Statistical language models are very crucial in Natural Language Processing (NLP) such as speech recognition and machine translation. We demonstrated in this post the main concepts behind statistical language models using character-level language model. The task of this model is generate names character by character using names obtained from census data that were consisted of 5,163 names. Below are the main key takeaways:

• If we have more data, bigger model, and train longer we may get more interesting results. However, to get a very interesting results, we should instead use Long Short_Term Memory (LSTM) model with more than one layer deep. People have used 3 layers deep LSTM model with dropout and were able to generate very interesting results when applied on cook books and Shakespeare poems. LSTM models outperform simple RNN due to its ability in capturing longer time dependencies.

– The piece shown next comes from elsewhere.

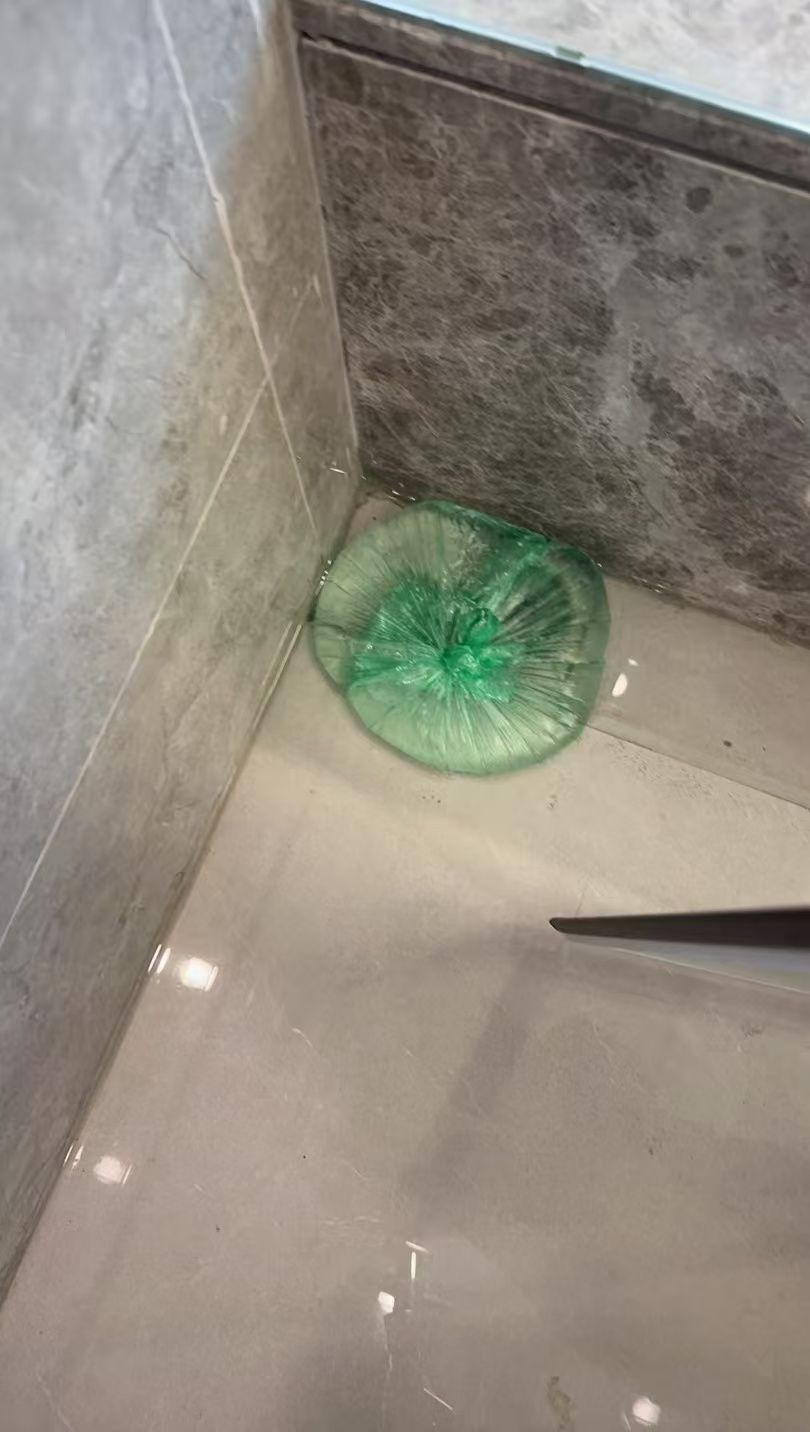 地漏积水排不干净、排水倒灌，是否属于施工缺陷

• With the sampling technique we’re using, don’t expect the RNN to generate meaningful sequence of characters (names).
• We used in this post each name as its own sequence; however, we may be able to speed up learning and get better results if we increase the batch size lets say from one name to a sequence of 50 characters.
• We can control the level of randomness using the sampling strategy. Here, we balanced between what the model thinks its the right character and the level of randomness.